A study by the International Association of Convention and Visitors Bureaus indicates convention-goers spend an average of $266 a day, or $945 per event, during a typical 3.5-day stay.

According to the Convention & Visitors Bureau, Jacksonville attracted 6.6 million visitors in 2004, spending $2.5 billion on hotels, dining, shopping, entertainment and transportation.  The direct impact on the economy was to the tune of $4.3 billion.

Despite being the main convention facility in the country's 45th largest metropolitan area, the Prime Osborn ranks 205th in the nation as a meeting and exhibit center.

Examples of cities with larger convention centers:

Exhibition hall square footage - City

320,000 - Louisville, KY
280,000 - Charlotte, NC
230,000 - Greenville, SC
220,000 - Birmingham, AL
199,992 - Knoxville, TN
135,000 - Charleston, SC
119,000 - Nashville, TN
102,600 - Tulsa, OK
100,000 - Mobile, AL
 95,006 - Shreveport, LA
 93,000 - Witchita, KS
 78,540 - Jacksonville, FL


With 78,500sf of exhibit space, the Prime Osborn is large enough for just 5% of all conventions in the United States. Studies show that increasing the square footage to 250,000sf would increase that figure to roughly 60%, thus giving the city a realistic chance to complete in this convention business.

Since 1999, almost $300,000 in hotel taxes has been spent on three convention center studies.  Two others have been commissioned by private entities.  Recommendations from those studies have ended up collecting dust because city leaders have not shown interest in doing anything about Jacksonville's convention center situation.

Diamond stops, Peyton not interested

Diamond and former CVB President Kitty Ratcliffe made at least 80 speeches since fall 2003 to build community support for a convention center.

They said a center needed 10 to 15 acres and land for expansion and said the basic building box would cost $100 million, not counting land, fees, equipment and all that goes with it. They said it could be financed with part of the bed tax.

Former Mayor Jake Godbold, a chief challenger, maintained costs were closer to $400 million and called a new riverfront center "the most stupid idea I've heard in my life."

Peyton, meanwhile, maintained that he had too much on his plate to even think about it. He didn't have the money nor the willpower to take on another city project. He apparently still doesn't.

One of the major problems in refusing to deal with the convention center is that all urban projects can have a significant impact on nearby development.


The Jacksonville Transportation Center

Next to raising money, Miller said JTA has focused first on cultivating the partnerships needed for a project of the transportation center’s size and scope. A Monday update meeting in Council member Elaine Brown’s City Hall office brought together representatives from the mayor’s office, state officials, property owners, Brown and Council member Reggie Fullwood.

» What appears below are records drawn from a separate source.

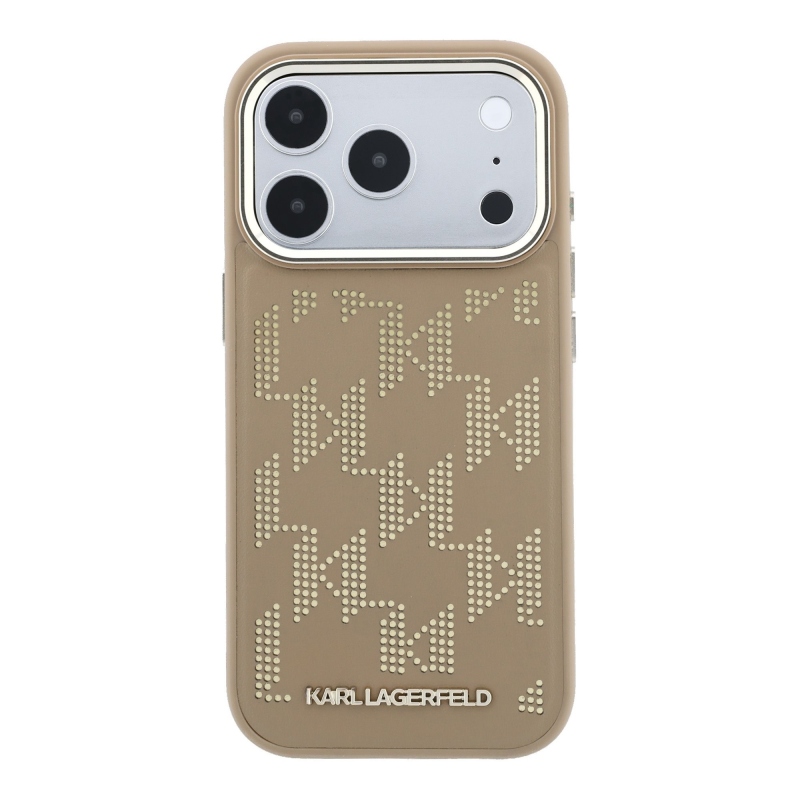 Karl Lagerfeld PU perforált Monogram MagSafe hátlap az iPhone 17 Pro-hoz, bézs színben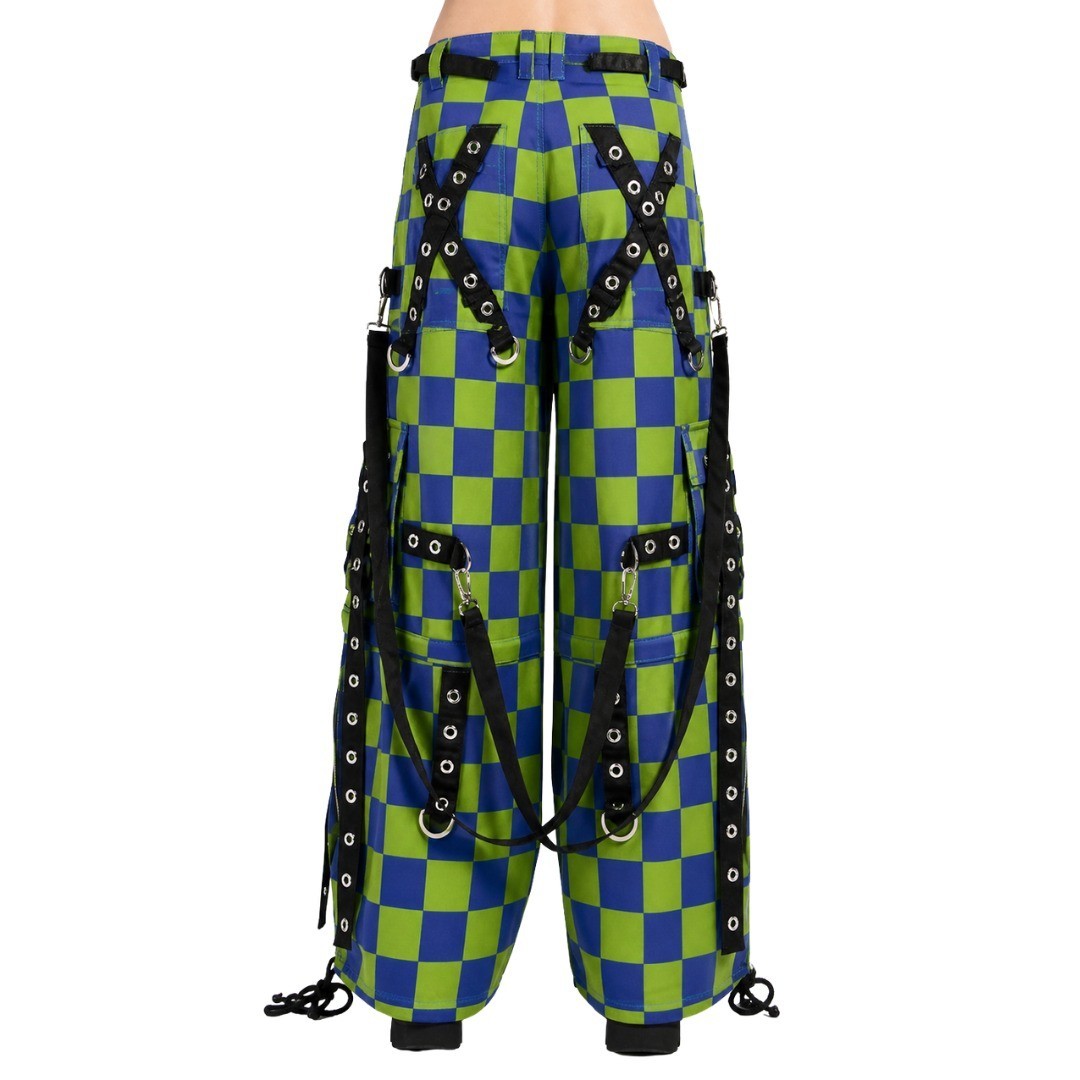 Men’s Cyber Goth Cargo Shorts Green Blue Checkered Bondage Straps Wide Leg Punk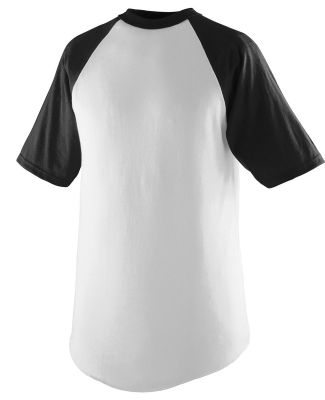Augusta Sportswear 424 Youth Short Sleeve Baseball in White/ black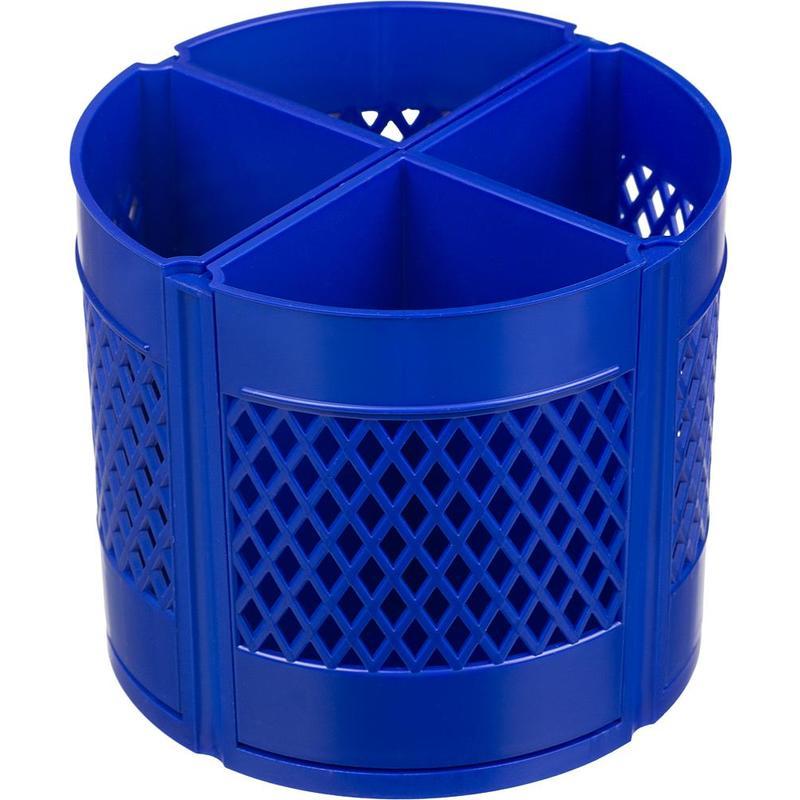 Настольный набор пластиковый вращающийся Attache Квартет (15 предметов) синий, 8 отделений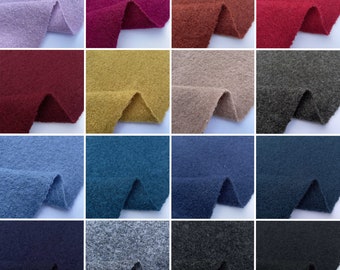 100% Boiled Wool Plain Coloured Fabric Material for Berets Scarfs Cardigans Capes Coats Jackets Vests Winter Wear | 380 GSM | 55" - 140cm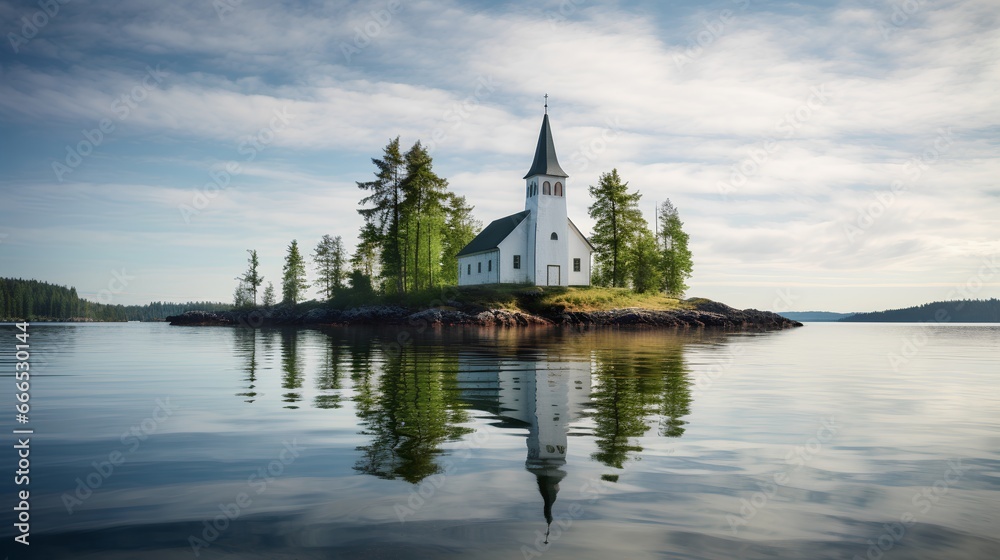 Quaint and simple Lutheran church surrounded by a serene body of water. The water could be a sea, ocean, or lake, adding to the tranquility of the scene. Minimalist architecture and natural beauty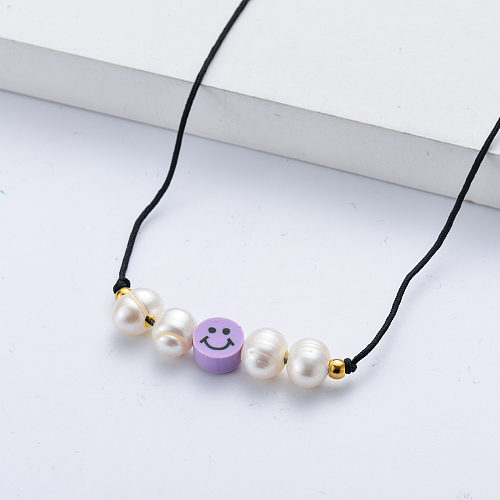 charme violet de mode avec collier de chaîne de corde de perles de perles d'eau douce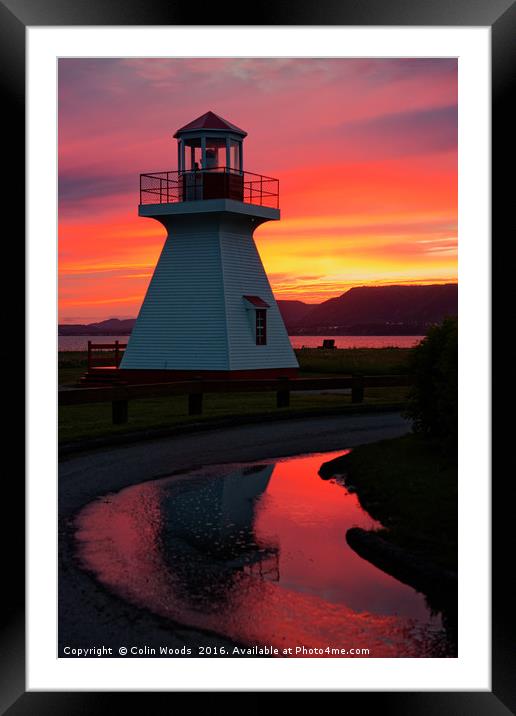 Lighthouse Sunset Framed Mounted Print by Colin Woods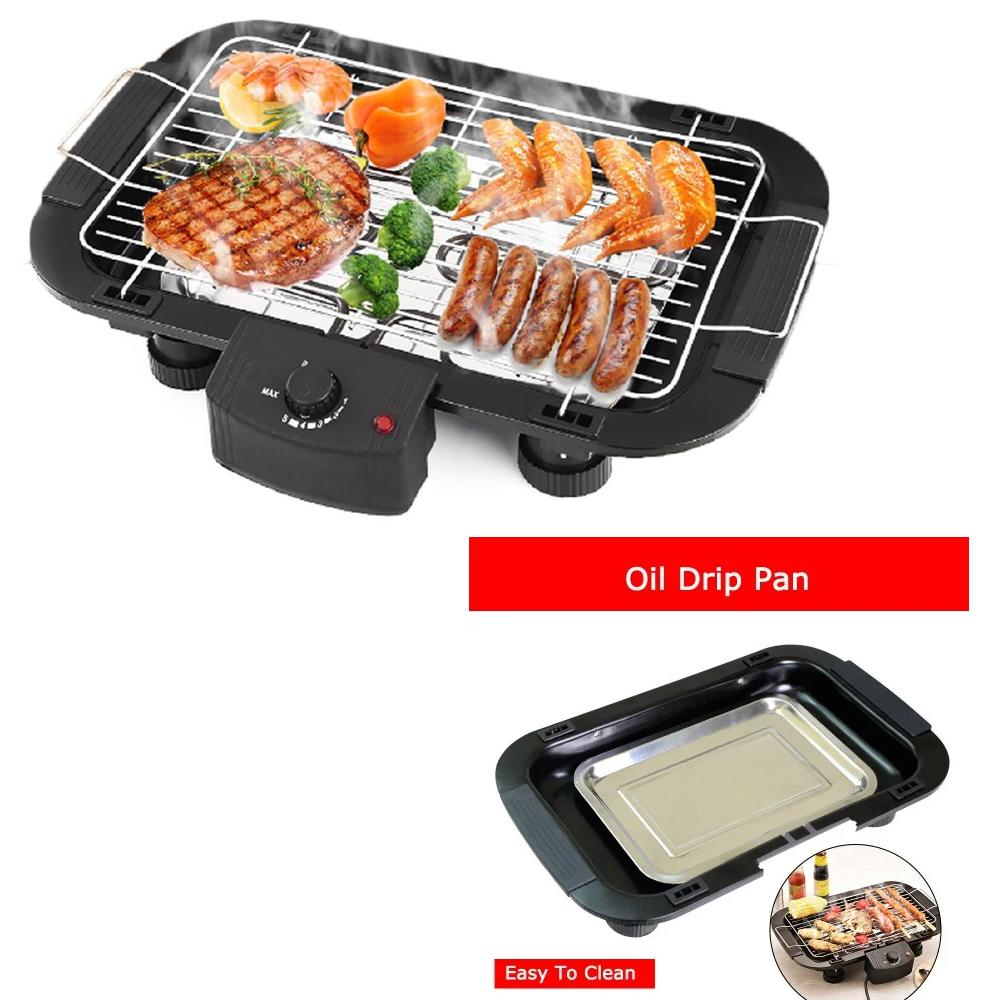Easy-to-clean smokeless barbecue grill with adjustable height.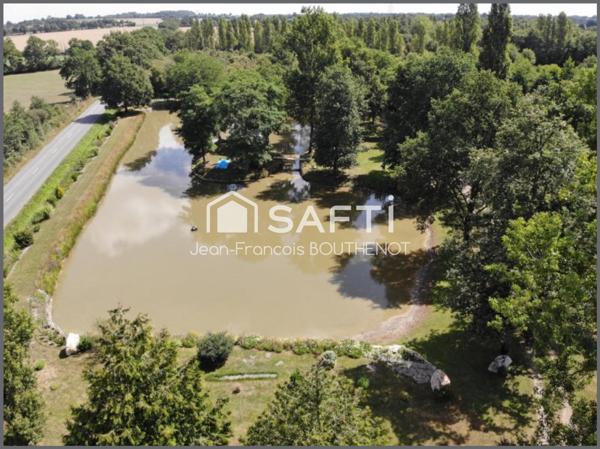 Terrain de loisirs avec son étang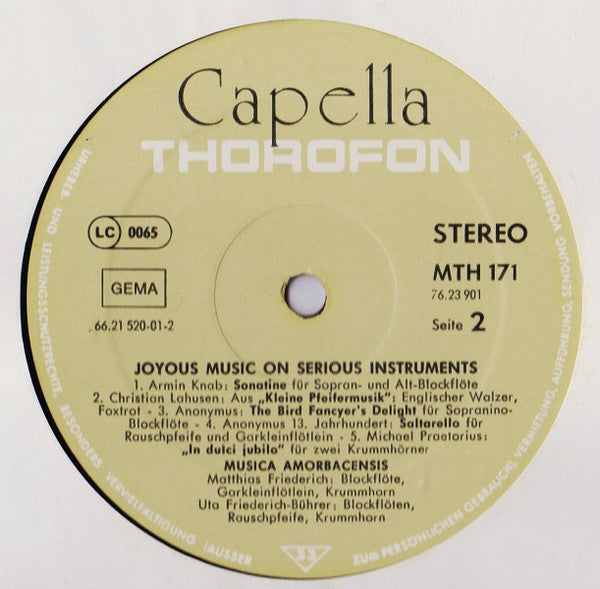 Musica Amorbacensis : Joyous Music On Serious Instruments (LP, Album)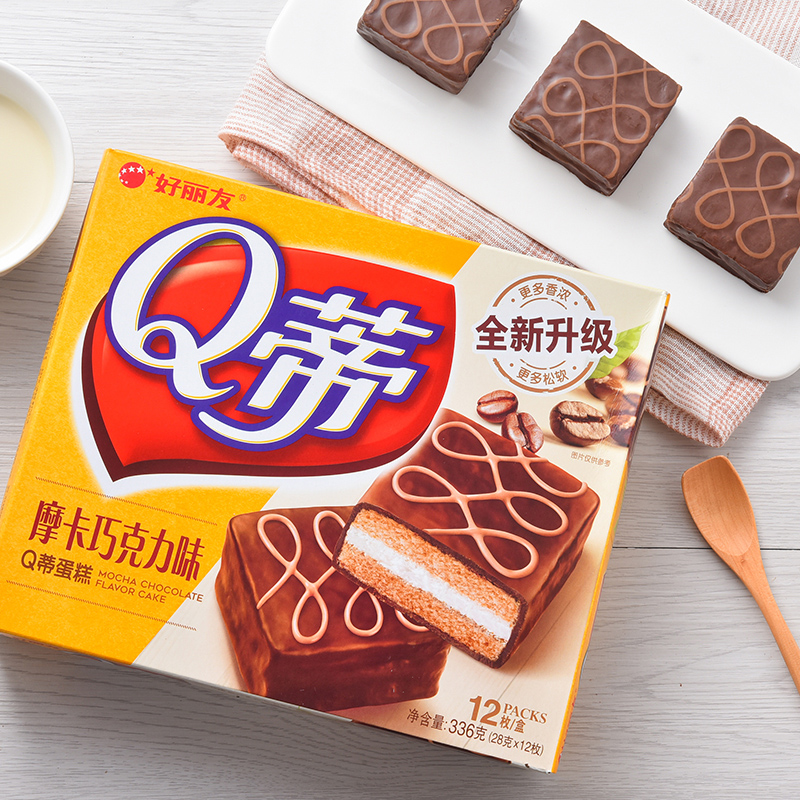 好丽友派q蒂摩卡 q蒂榛子 336g*2盒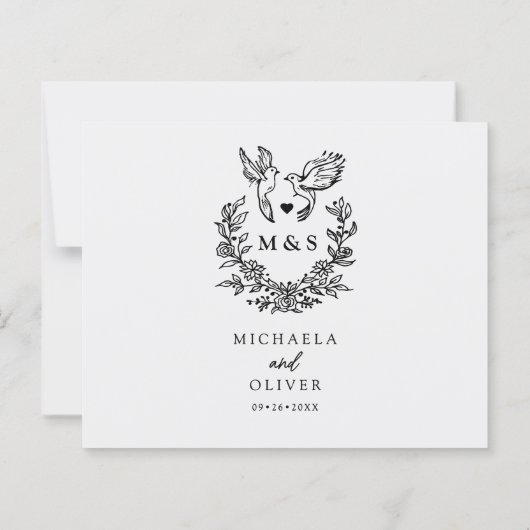 Moderne Minimal Doves Elegant Script Wedding RSVP (Achterkant)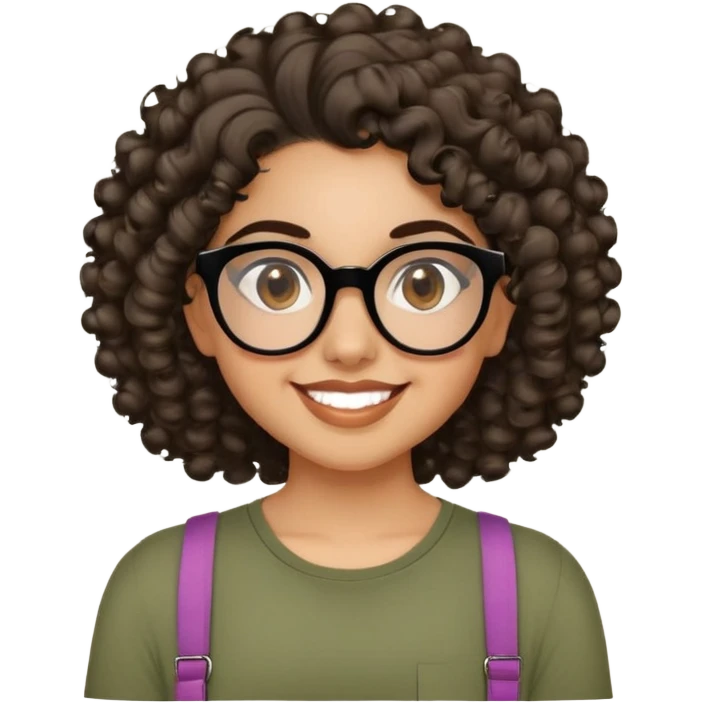 Young Latina with light brown skin. Cheerful round face. Brown eyes behind black glasses. Thick natural eyebrows. Curly hair reaching shoulders, voluminous with defined curls. Big smile showing dimples. Wearing olive green shirt with wide straps. emoji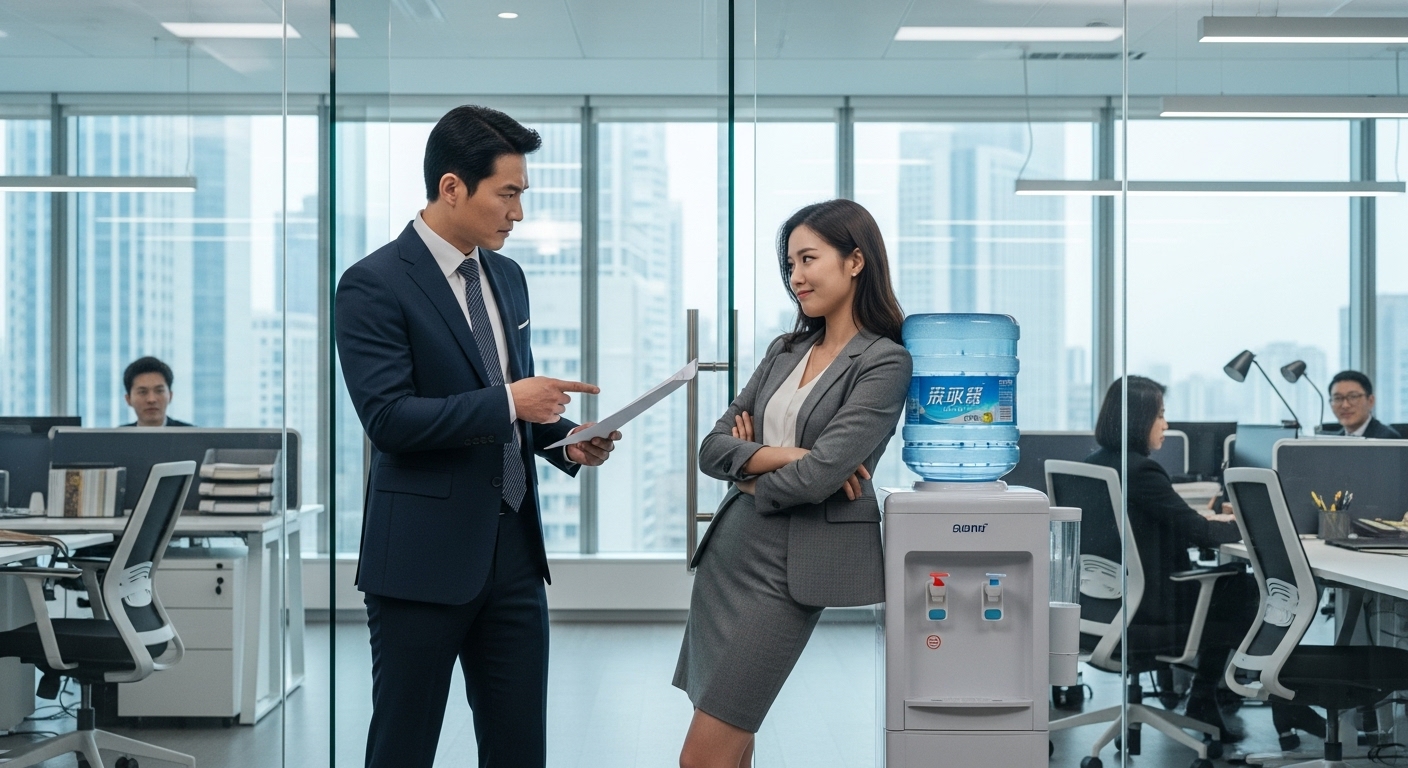현대적인 중국 오피스에서 냉철한 한국인 CEO와 재치 있는 여성 직원의 코믹한 대화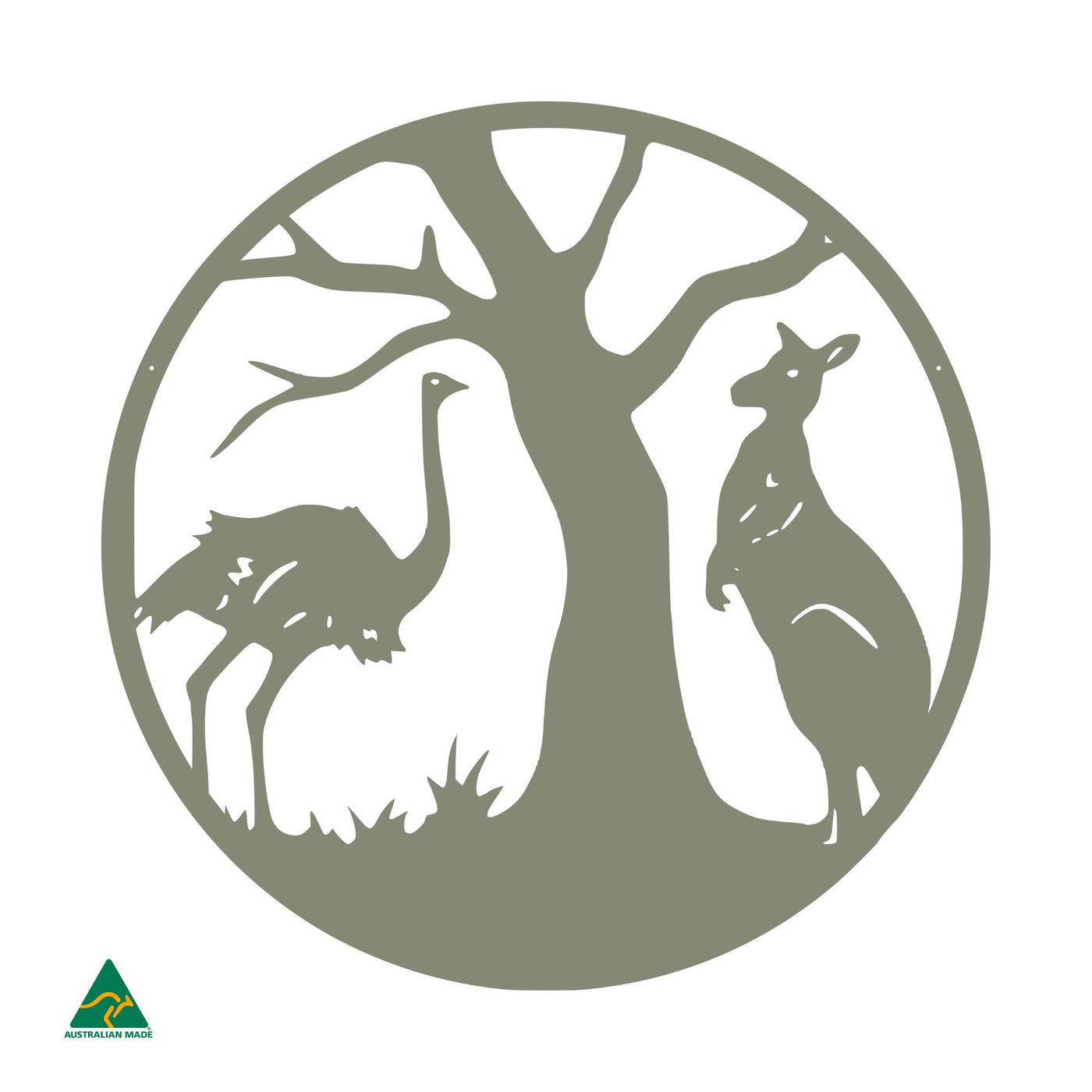 Forward Australia Round Metal Wall Art | Pale Eucalypt Matt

Next JTA hopes to engage Northeast Florida’s lawmakers. Federal funds are being counted on to pay 80 percent of the center’s cost, leaving the state and City to pay the rest. Most of the money currently pledged to the project comes from the federal government, including a $1 million outlay from a 2004 transportation bill.

Brown, one of the project’s key backers, has told Mayor John Peyton that the City could pay its share by contributing land and investing in infrastructure, including a parking garage.

JTA CEO Mike Blaylock told Peyton in a letter that owning the land was important to convince federal funding agents that the City is serious about the project.

The project’s early development stalled a bit due to its planned connection to a new convention center. Peyton has said a new convention center isn’t a priority.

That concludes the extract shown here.